Inexplicably understating humankind's keen awareness of luck and historical fluke, Watts is intent on emphasizing the unpredictable role of chance on outcomes, and so he does emphasize it, over and over again, flinging barbs at both common sense and, as luck would have it, at Malcolm Gladwell. Common sense and Gladwell both get it in the teeth for the same reason, and why shouldn't they, if conclusions, especially about anything complicated, are so often impossible to verify. Gladwell's "catnip" speculations on influential individuals are more "perception than reality," Watts sniffs, because "there's no way to decide who is right." As evidence, he offers data from randomized Internet experiments.
Watts is at his best when exploring the Internet as a tool of sociology. Previously, it has been nearly impossible to study things like how people influence each other, because it’s extraordinarily difficult to track such interactions using randomized trial experiments. For the first time, the Internet now allows us to do exactly that, fairly cheaply and at massive scale. Watts hopes, in what in many ways should have been the true thesis of the book, that “by rendering the unmeasurable measurable, the technological revolution in mobile, Web, and Internet communications has the potential to revolutionize our understanding of ourselves and how we interact.”

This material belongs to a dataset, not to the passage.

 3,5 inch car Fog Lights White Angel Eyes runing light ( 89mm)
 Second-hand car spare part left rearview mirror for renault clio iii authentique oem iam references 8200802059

In late 2009, Watts tracked an astounding 39 million Twitter chains started by 1.6 million users, counting how many times a URL was retweeted in order to identify the characteristics of influential tweeters. The purpose of the study was to see which tweets “went viral” and why. He found that 98 percent of tweets didn’t “cascade” at all, and also that at an individual level, it’s very difficult to predict whether someone who has been an influential tweeter in the past will be influential in the future. In another wonderful experiment, he ran using Amazon’s “ Mechanical Turk,” where Watts paid online workers pennies for small tasks, he found that the quality of work did not change with pay levels.
Perhaps this, Watts' third book, provides a valuable warning about the hubris of prediction, especially in complex contexts like wars. But by attacking common sense itself, he not only drastically overreaches, he distracts readers from the most valuable aspects of his argument. Watts isn't wrong—we’re all victims of happenstance, and many human interactions have been impossible to study using randomized trials. (Many remain so, too.) But had Watts chosen to focus entirely on how technology is changing and will change the way sociologists study complex social realities, the journey could have been far more rewarding. There’s a fascinating book there, to be sure, waiting to be written.
Jamie Holmes is a program associate at the New America Foundation. His writing has appeared in Foreign Policy, the Christian Science Monitor, the Philadelphia Inquirer, and the Huffington Post.